The starting point for the chapel’s design concept was to take three symbolic crosses set in the landscape, draped with a tent-like membrane. As the design evolved, the crosses became a tensegrity structure of cables and masts, whilst the membrane developed into a wooden latticework attached to the structure.
Norman Foster, Founder and Executive Chairman, Foster + Partners said: “The project started with the selection of the site. On a visit to San Giorgio Maggiore, close to Palladio’s magnificent church and the Teatro Verde, I found a green space with two mature trees beautifully framing the view of the lagoon. It was like a small oasis in the big garden, perfect for contemplation. Our aim was to create a small space diffused with dappled shade and removed from the normality of passers-by, focussed instead on the water and sky beyond – a sanctuary”.
Engineered by Foster + Partners and built by Italian furniture company Tecno, the chapel structure reflects the lightness and ethereal nature of the original concept. It consists of a ramped steel floor structure that supports a timber deck and a tensegrity structure which is made up of steel masts and cross arms, braced by prestressed steel cables and small inclined circular hollow sections. These enable the horizontal cross-arms and vertical masts to be separated from one another while remaining structurally stable. Together, they create a roof structure capable of resisting both vertical gravity loads and lateral wind loads.
The space is enclosed by a series of thin timber slats made from larch that span from the deck to the tensegrity structure. They allow dappled light to enter the space, while providing shade and defining the chapel’s volume.
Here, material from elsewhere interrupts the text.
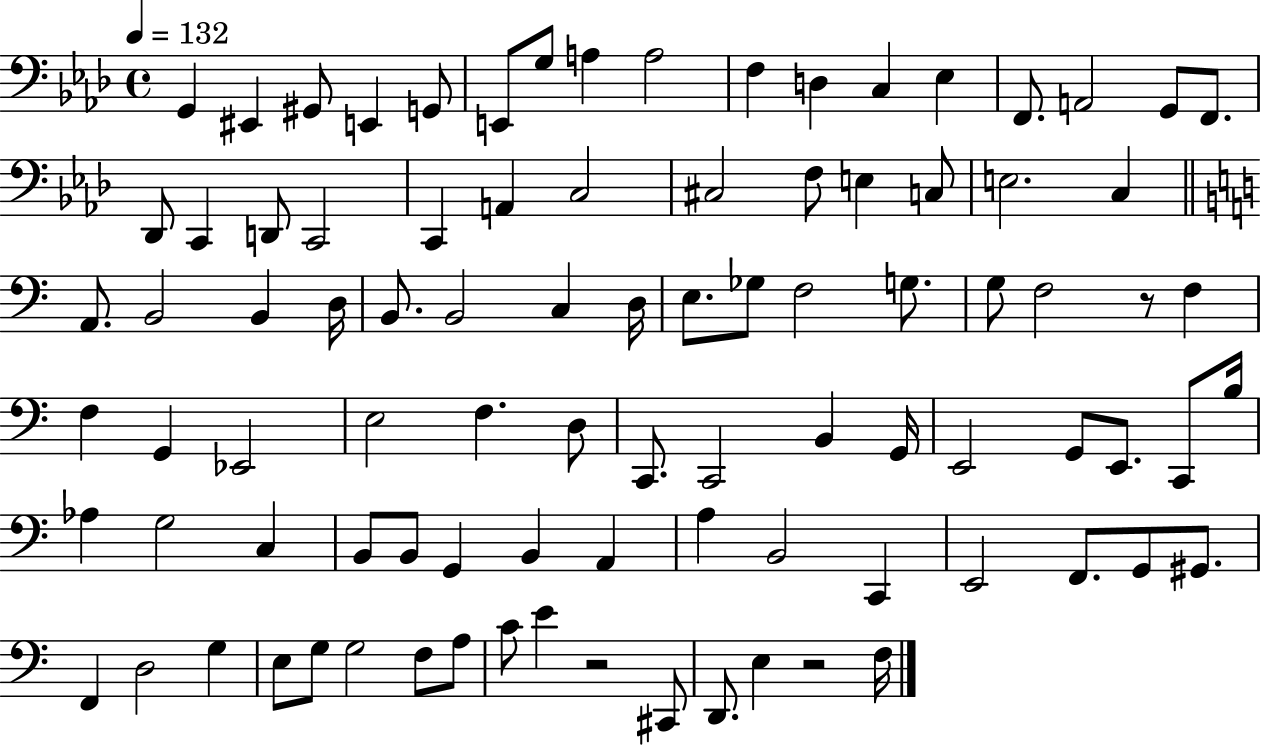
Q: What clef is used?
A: bass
The connections between the timber slats and the tensegrity structure were designed to slide independently to ensure that the slats would not be overloaded when the entire structure moved under wind loads.
Jasmine vines planted around the structure will climb onto it over time, softening its contours and releasing a gentle fragrance to enhance the sense of spiritual calm.
The pavilion will remain open to the public between 26 May and 25 November 2018.